How do you read and watch narcoleptically? Binging series and reading sparingly, here and there.
During the month of April I went on a spree of television show binging. It’s been a sort of ugly time. I’ve kept reading James Joyce’s Ulysses, happily. I finished Persepolis and Snow Country. I saw down and viewed all five hours of Hamaguchi’s 2015 film Happy Hour and really enjoyed it.
I rode 140 miles in four different states (Pennsylvania, Vermont, Massachusetts, and Virginia).
4/1
— Narcos: Mexico, #3.8-10. Let me revise what I said midway through the second season when I claimed, disparagingly, that the show had jumped the shark. The third season alerted me to the possibility that the makers had The Wire in its trajectory as an influence. I am not ready to say that the makers may have reached those heights, but I do think that the development of certain characters — for example, the destitute police officer — was poetic and meaningful.
Victor is played by the actor Luis Gerardo Méndez. When we meet Victor he is an impoverished Mexican police officer who we learn has to ask for bribes in order to do his job, like most of his colleagues, because they are paid so poorly.
The most important thing that happens to the character is that he uncovers the serial murders of female workers from the maquiladores when his neighbor asks him to look into the disappearance of her young daughter, just about to celebrate her quinceañera.
The scope of the crime surprises him but leads him to find a man who he believes to be responsible. He kills him and believes that he’s achieved some measure of justice. Only to learn the next day that yet another woman’s body was found and his murderer could not have been her murderer.

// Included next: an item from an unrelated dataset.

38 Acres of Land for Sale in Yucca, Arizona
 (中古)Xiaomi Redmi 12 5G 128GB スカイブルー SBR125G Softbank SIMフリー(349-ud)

Serial murderers and their crimes have fascinated Americans for years. I like to think that our fascination with them is because we are absolutely horrified, morally and emotionally. Yet I suspect that we are slightly titillated as well, sadly.

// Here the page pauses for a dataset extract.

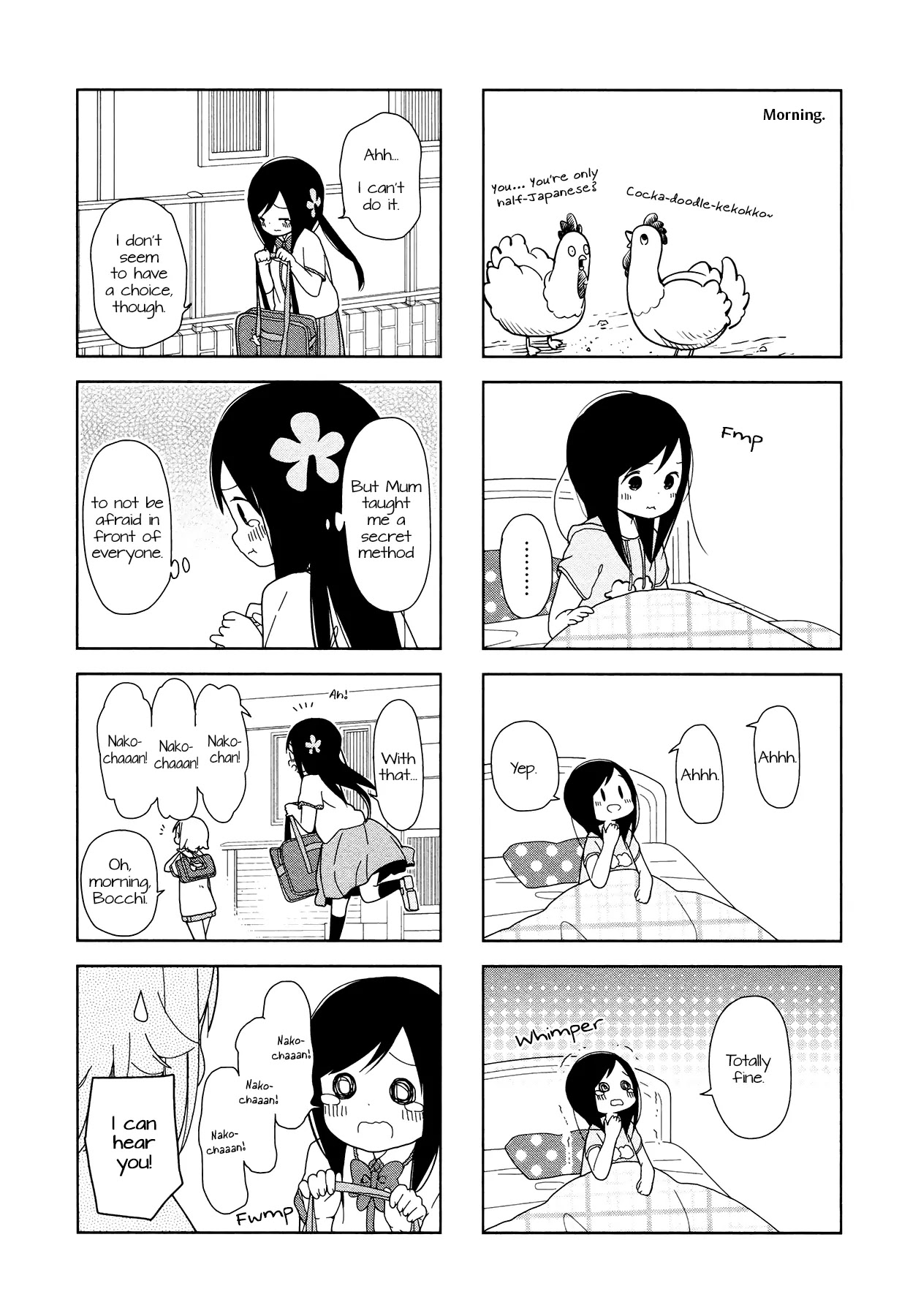 Hitoribocchi no OO Seikatsu Chapter 14 page 7 - Chapter 14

In his major work 2666, Chilean-born writer Roberto Bolaño devoted the longest section to the murder of women around Ciudad Juarez.
Méndez’s character is fascinating because of his pathos and his helplessness and his tragic end. He’d thought he had done something honorable and noble in finding the killer, even though he was repeatedly rebuffed by those around him when he raised the inquiry. Yet his action turns out to be insignificant, and the momentary relief and satisfaction — emotions that a Mexican police officer rarely chances to enjoy, on this account — are short-lived and in error.

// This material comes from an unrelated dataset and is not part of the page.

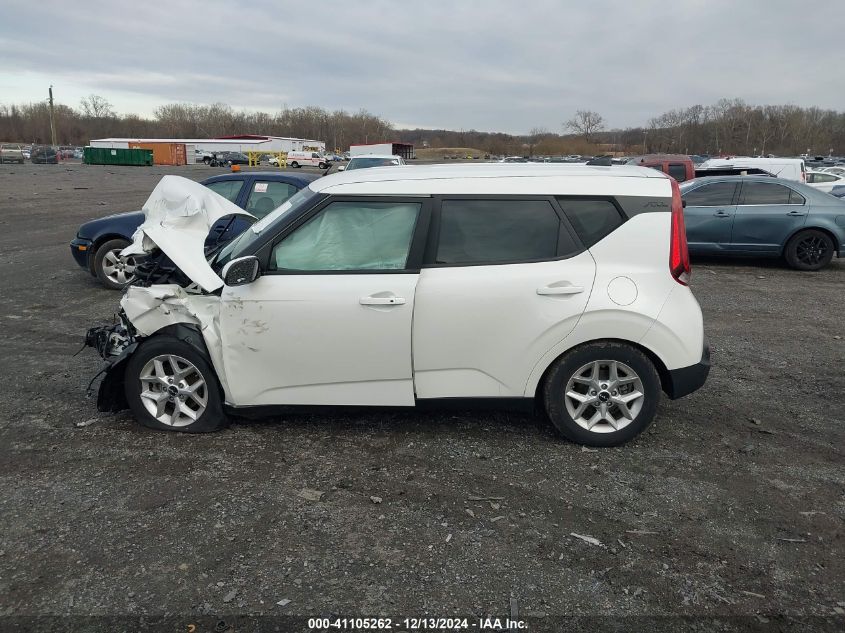 2022 Kia Soul S VIN: KNDJ23AU1N7827053 Lot: 41105262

The same forces that are partially at work in these femicides lead to his own death. For no one is free of the scourge of poverty, regressive labor practices, and narcoterrorism in general.
4/3
— 13 Assassins (2010) Directed by Takashi Miike, who I think I first learned of when I saw Audition (1999), which scared the be-jesus out of me and I turned off before finishing. Been meaning to finish watching that. Miike has a think about amputations and body dysmorphia and absolute moral transvaluation … 13 Assassins is a great film, but it is probably one of his more conventional films (and I’ve only seen a half dozen or so)
— James Joyce, Ulysses, 10 pp.
4/4
— Zoolander (2003) Netflix previews got me to watch this, which I had already seen before. They had been excerpting the walk-off scene and so I turned it on while doing something.
— Shawshank Redemption (1994) In a previous post I wrote about the afterlife of movies and books, and why some are destined for posterity and others oblivion. This is one of those strange cases, I think. It’s a great film, but I think among so many other good films it will be forgotten. Even at its release it was overshadowed by Pulp Fiction and Forrest Gump.
— Ulysses, 5 pp.
The film Shawshank Redemption was based on the Stephen King story “Rita Hayworth and the Shawshank Redemption,” in the early his collection Different Seasons.
I read it as a teenager in late 80s Wheeling, W.Va. sometime shortly after I had been migrated there from Powhatan Point, Oh. Although I liked that story, I liked “Apt Pupil” more (sadly, that film adaptation was generally weak …).
4/5
— Obsession (1947) Highlighted by the Criterion Channel and I have never seen before. Directed by Edward Dmytryk.
— Ulysses, 10 pp.
— J.J.’s Ulysses, 10 pp.
— Farber on Film (FoF), 10 pp. Not sure why I decided I needed to read Manny Farber‘s film reviews, but I did.
4/6
— FoF, on “Saboteur”, “Mrs. Miniver,”
— Homer, Odyssey, Bk. 15
4/7
— FoF, on “Yankee Doodle Dandy,” “The Magnificent Ambersons”
— Odyssey, Bks. 16-17
— The Protegé (2021). Ehh. Maggie Q, Michael Keaton, and Samuel L. Jackson.
4/8
— Severance, 1.1-4 A series on Apple TV, about a company that manages to sever a person’s business life from their personal life.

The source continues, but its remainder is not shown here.